DANA STABENOW – Better to Rest. Signet, paperback reprint, September 2003. Hardcover edition: New American Library, 2002.

   I’ve never availed myself of the method, but I’m told that a good way to learn a new language is to immerse yourself in it completely — in a class or a group session in which nothing but the language is spoken, for example — and eventually, by necessity, you’ll start to catch on.

DANA STABENOW Better to Rest

   As I say, I’ve never tried it, but I’ve often done what seems like the equivalent. Such as picking up a new mystery series in the middle, for example, and trying to pick up on who’s who and why this one doesn’t get along well with that one, and why these two are an item but aren’t talking to each other at the moment.

   Sometimes, though, it seems to take an awfully long time.

   Such as with this one, just as a handy example. Stabenow started out as a science fiction writer, but after three books, she seems to have abandoned the field and has concentrated on writing mysteries. Her first series character was Kate Shugak, whom I think might be best described as an Aleut private eye. There have been some 13 books about her since A Cold Day for Murder, which won an Edgar in 1992. Better to Rest, to get back to the book at hand, is the fourth in her second mystery series, featuring Alaskan state trooper Liam Campbell.

   Alaska being what it is, the two major means of relaxation and/or pleasure are alcohol and sex, or at least that’s what I’d have believe after reading this book, as Liam, his current love, pilot Wyanet Chouinard, and their assorted families and friends (and not-so-friends) indulge in one or the other (or both) throughout the book.

   But they all know each other, and I didn’t know any of them. Some of them, by the time I’d figured out who they were, the book was over. Which is OK, in a way. Some of them I decided I didn’t care about knowing.

   The lovemaking scenes are often free-spirited if not totally rowdy, and one of them is outright distasteful. On the other hand, the Alaskan countryside is definitely spectacular, especially with winter arriving soon. On the other hand, the slow decay of Alaskan life in the town of Newenham, with the imminent death of the fishing industries, makes for a rather melancholy backdrop to the mystery that has to be solved.

   And, yes, there is one, or rather two, but a long-time mystery reader will get the feeling early on that perhaps they are connected. (Whether they are or not, I leave for you to discover.) The major one is the discovery of a wrecked World War II airplane in a nearby glacier, complete with bodies and a gold coin clutched in the hand of a dismembered arm.
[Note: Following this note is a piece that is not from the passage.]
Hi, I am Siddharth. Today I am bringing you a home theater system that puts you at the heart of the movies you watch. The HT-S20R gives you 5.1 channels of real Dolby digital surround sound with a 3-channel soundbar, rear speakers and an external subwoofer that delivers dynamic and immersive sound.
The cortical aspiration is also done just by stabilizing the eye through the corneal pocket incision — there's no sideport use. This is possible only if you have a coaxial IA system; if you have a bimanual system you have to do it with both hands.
   The other is the murder of a sexy 74-year-old grandmother, whose death Liam takes very badly. There’s very little detection involved. On page 259 (or 293) Liam says he knows who did it, and so he does. It seems more like guesswork to me.
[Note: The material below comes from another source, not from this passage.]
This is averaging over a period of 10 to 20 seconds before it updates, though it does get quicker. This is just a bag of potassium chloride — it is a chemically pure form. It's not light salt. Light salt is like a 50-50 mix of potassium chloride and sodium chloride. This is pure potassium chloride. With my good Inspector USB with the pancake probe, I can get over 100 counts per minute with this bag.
   Educated guesswork, I hasten to add, since he knows and lives with these people. For the most part, though, reading about them suits me just fine. Alaska sounds like a great place to visit, but I don’t think I’d care to live there.

— September 2003


[UPDATE] 07-01-12.   Bad Blood, book number 20 in Dana Stabenow’s Kate Shugak series, is scheduled for next year (2013), but for whatever reason, this is still the most recent book-length adventure for Liam Campbell.